Eboli (Ebolitano: ) is a town and comune of Campania, southern Italy, in the province of Salerno.

An agricultural centre, Eboli is known mainly for olive oil and for its dairy products, among which the famous buffalo mozzarella from the area.

History
Archaeological excavations have shown that the Eboli area has been inhabited since the Copper and Bronze Ages. Also attested (starting from the 5th century BC) was the presence of the so-called Villanovan civilization.

The ancient Eburum was a Lucanian city, mentioned by Pliny the Elder, not far away from the Campanian border. It laid above the Via Popilia, which followed the line taken by the modern railway. The Romans gave it the status of municipium.
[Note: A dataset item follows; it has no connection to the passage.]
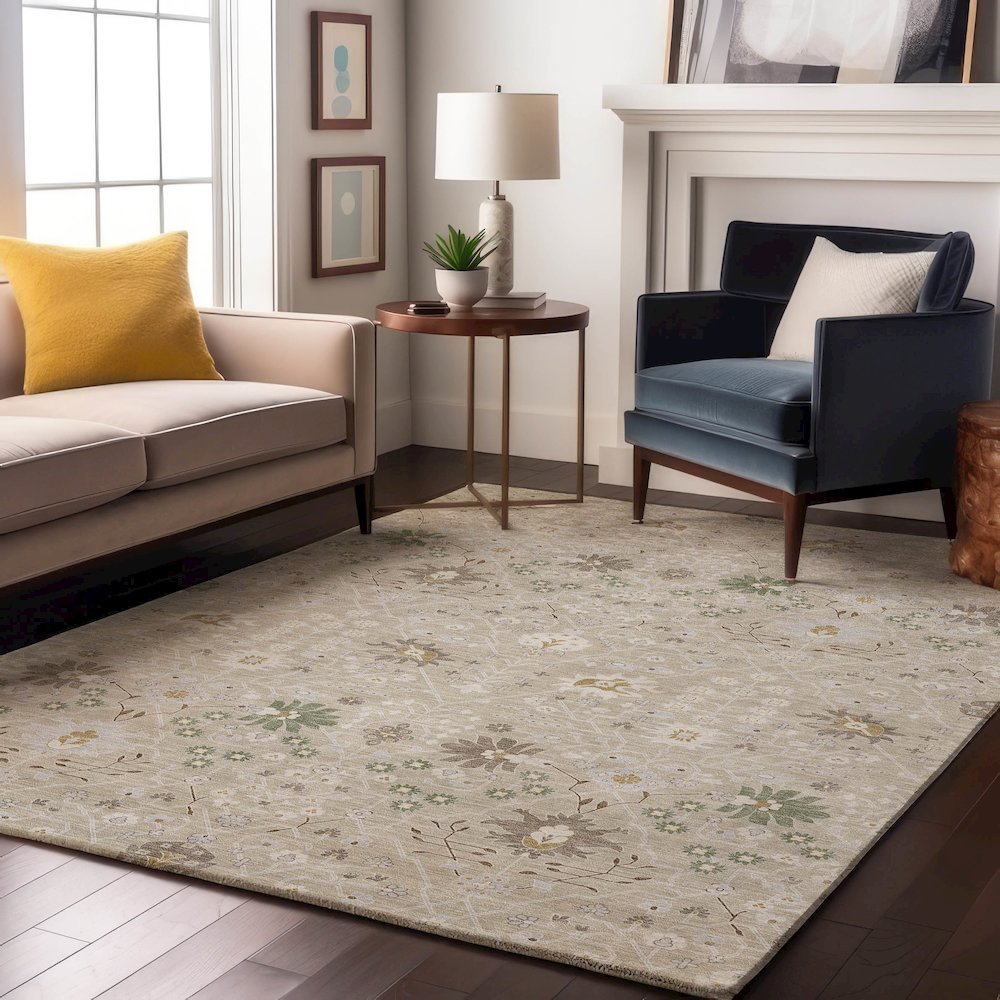 Premium Machine Washable Mayfield AMF1009 Beige 5' x 7'6" Rug. Picture 5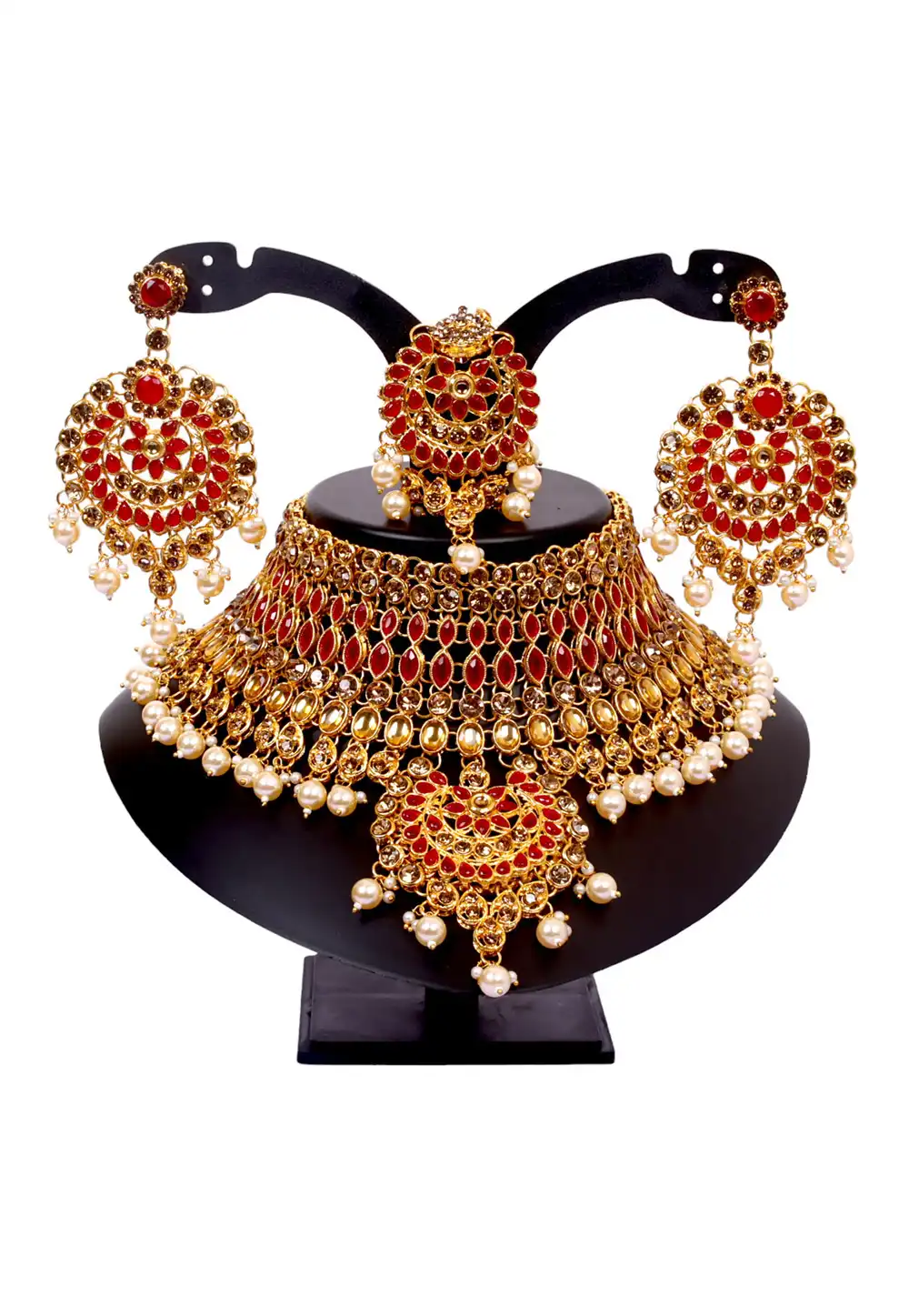 Maroon Alloy Austrian Diamonds and Kundan Necklace Set With Earrings and Maang Tikka 292910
The town was destroyed first by Alaric I in 410 AD, and then by the Saracens in the 9th and 10th centuries. Later it served as a stronghold of the Principality of Salerno, with a massive castle built by Robert Guiscard.

During the 1930s Eboli was able to expand into the plain after a project of land reclamation carried out by the Fascist government. It was severely damaged during the 1980 Irpinia earthquake.

Geography
Eboli is located at the feet of Montedoro, a peripheral spur of the Monte Raione-Monte Ripalta group. Its territory, which is 90% plain, is formed by the alluvial plain of the Sele river, which bounds it southwards. The remaining part comprises hills part of the Monti Picentini Regional Park.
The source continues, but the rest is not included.